What to produce: For this exercise, output the entries below exactly from the line that holds "CIT9051 Georgia License Plate" to the line that holds "euphorbia hetiothoides2", both ends included. No pictures belong in the copy.

Data:
■ ■ ■ ■ ■
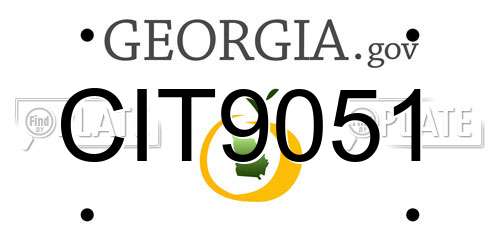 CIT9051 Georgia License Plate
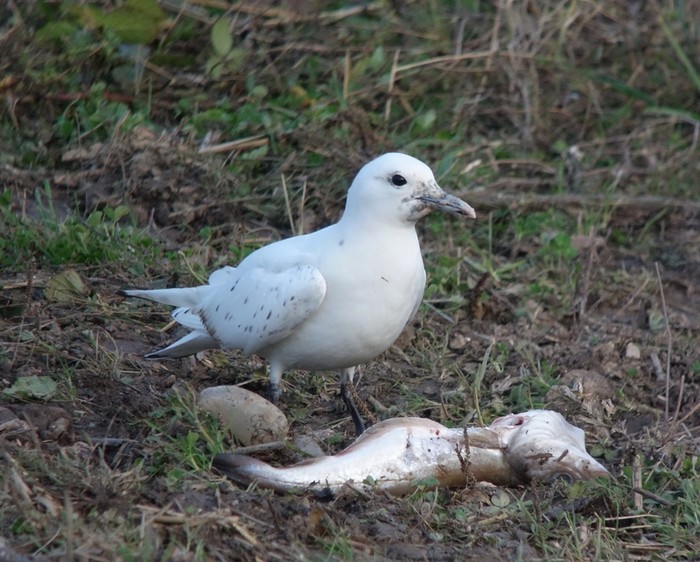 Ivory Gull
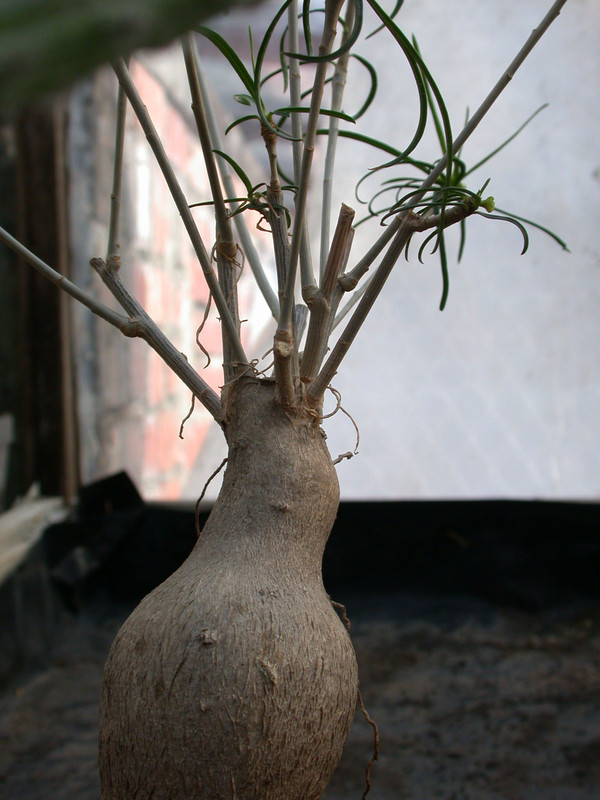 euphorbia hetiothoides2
■ ■ ■ ■ ■
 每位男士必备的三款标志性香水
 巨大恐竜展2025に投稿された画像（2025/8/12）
■ ■ ■ ■ ■
Final answer:
 CIT9051 Georgia License Plate
 Ivory Gull
 euphorbia hetiothoides2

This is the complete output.